I did not intend to take any part in this debate, but there are a few things which Deputy Brodrick said which I do not think I should let pass without commenting on them. He said that children going to school in the West got only one meal and that that meal was the meal supplied by the public authority. That statement is absolutely untrue. I do not know of even a chance case in any place, and I am very well acquainted with every part of the Connemara Gaeltacht, at all events. Another thing Deputy Brodrick has done a disservice to by his remarks is the Galway Woollen Mills. I take it that his intention was a good one, and that he wanted to draw the attention of the Government to the desirability of helping the Galway Woollen Mills by giving them a monopoly of the shoddy trade. But the Deputy did that in a way calculated to create the impression that the Government had done everything it could to hamper the Galway Woollen Mills. He might have pointed out that these mills were shut down for a long period, until this Government came into office. In so far as the Deputy was drawing the attention of the Government so as to assist the Galway Woollen Mills, I am all with him, and I would add my voice and ask the Government to consider the question of giving Galway Woollen Mills a monopoly which I think they ought to get in this respect.

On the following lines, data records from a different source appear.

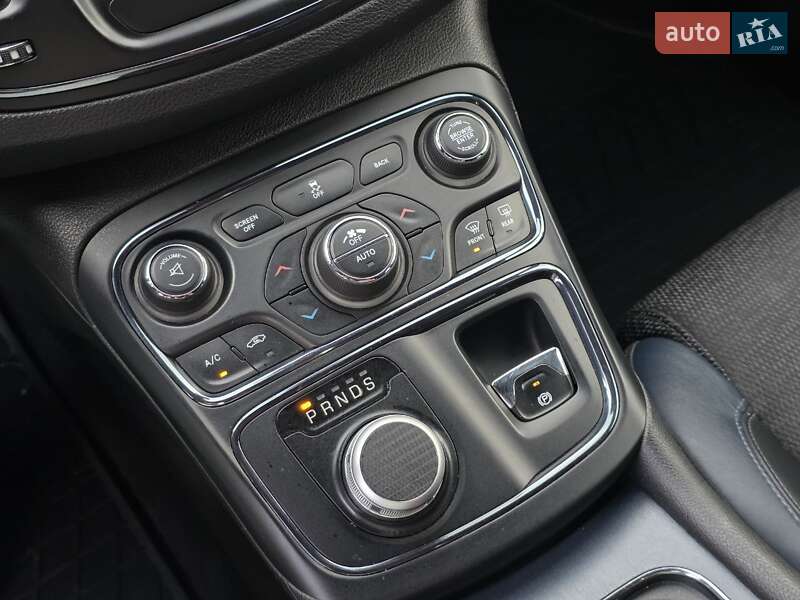 Седан Chrysler 200 2014 в Тернополі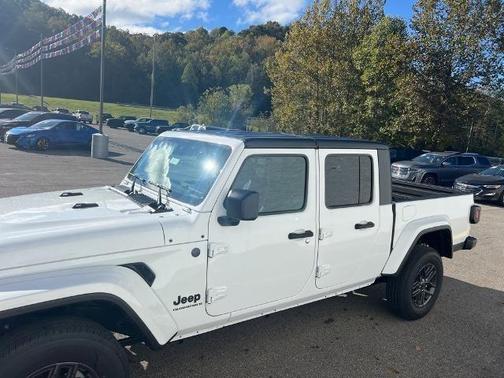 2025 Jeep Gladiator Sport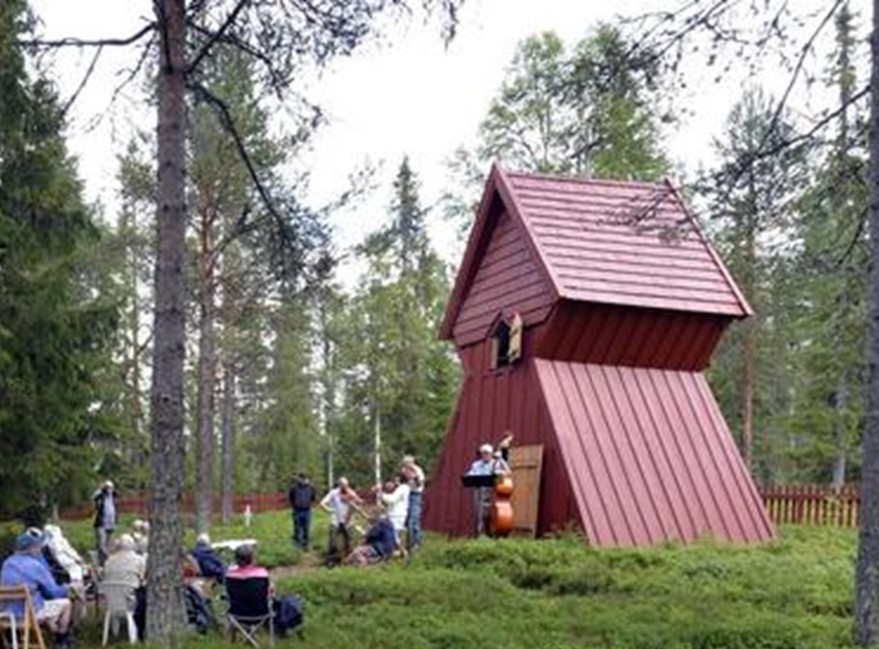 Ulvsjö klocktorn, lingonris, folksamling, musikanter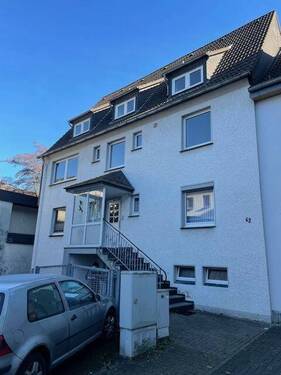 Vorderansicht - 8 Zimmer Mehrfamilienhaus, Wohnhaus zum Kaufen in Arnsberg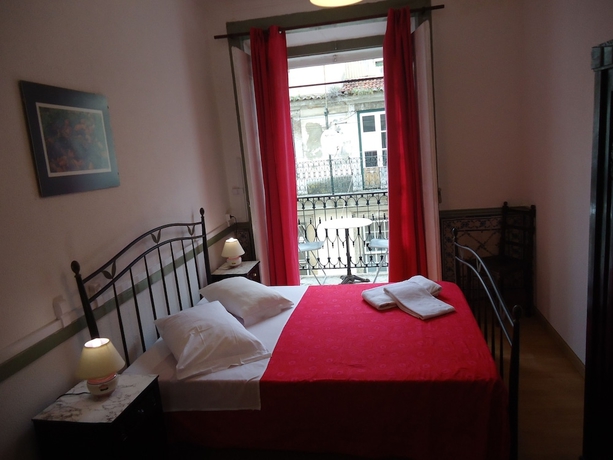 Imagen de la habitación del Hostal New Aljubarrota Guest House. Foto 14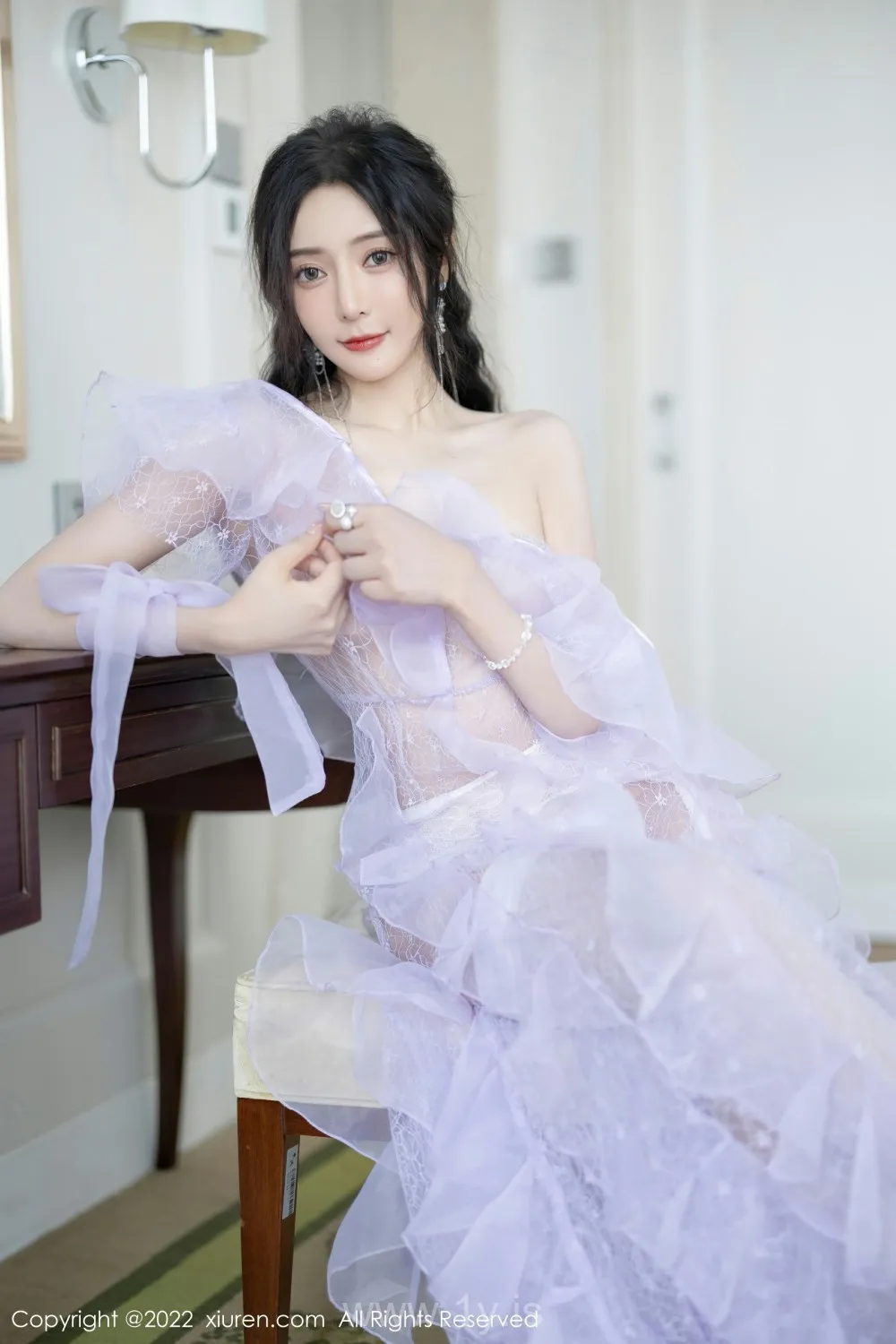 XIUREN(秀人网) NO.4949 Pretty & Charming Asian Hottie 王馨瑶yanni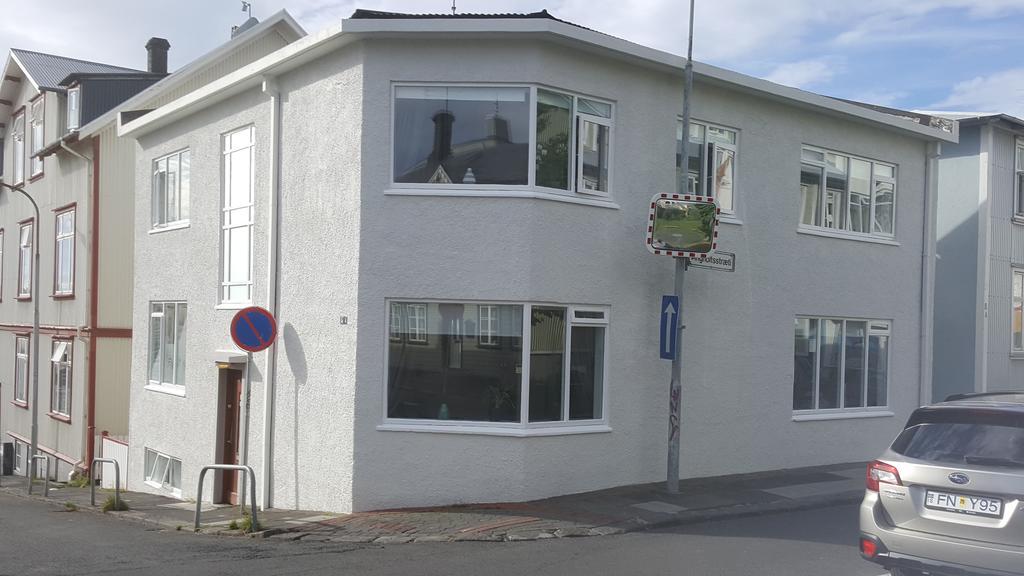 Reykjavik Rainbow Hotel Exterior foto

When an angry, hungry people were clamouring at the gates of Versailles on an historic occasion, and when Marie Antoinette asked what was wrong, she was told they had no bread. Her answer was: "Why do they not eat cake?" Similarly, when the question was raised in this House as to the hunger and the lowering of the condition of our people, brought about as a result of the Fianna Fáil economic policy, we were told by the Minister for Industry and Commerce that there were more motor cars in the country, and that more spirits were being drunk. That reply is practically on a parallel with the historic reply of Marie Antoinette and brings home to me and to every Deputy from a country constituency the terrible air of unreality that prevails in the Dáil. There is no relation to the real facts of life of our common people. Just like some of the debates we heard from the Government Benches, there is no realisation of the real condition of things, or of the circumstances under which these people have to live, when there is talk about motor cars and spirits. I wonder how many motor cars there are in the Island of Cape Clear, and how many cinemas, or how much spirits were drunk in Muintir Mháire and Mushera. These are the people we are legislating for, the common people, and we should bear them in mind. It was said that Roman civilisation and the Roman Empire perished to the cry of "Bread and circuses."

In other words, the realities of life were lost in the clamour for amusement and in the fight for doles and sops. That is what is happening in this country to-day. It strikes me that with the cry of doles and cinemas, bright lights and unemployment, Fianna Fáil is hastening to its doom. The whole policy of this Government, which we have now under review, is one that has made our poor people poorer. It has done them a greater disservice, because it has taken away their nobility, their independence of spirit and character, and has made them a people clamouring for doles. In the constituency I represent there are about 10,000 small farmers whose total poor law valuation does not exceed £4 each. It is the circumstances in which these people live, and the economic conditions of this country that we should have regard to. We heard very extraordinary statements from the Ministerial Benches. We had a speech a few nights ago from the Parliamentary Secretary to the Minister for Lands; it was a doleful and sorrowful tale. He was a really like a man who did not believe in the policy he was asked to speak about and there was a sort of apology in the mournful tone of his voice, which said: "I came to bury Cæsar, not to praise him." I think the Minister for Finance in one of his Budget speeches said that the consumption of spirits was on the increase because we had certain visitors coming to this country from the arid desert of protection. In other words, the tourist trade was responsible for an increase in the consumption of spirits. Seeing that we brought 84,000 people to this country as tourists, the increase in the consumption of spirits was possibly traceable to persons who came here to rejoice and to be happy amongst us.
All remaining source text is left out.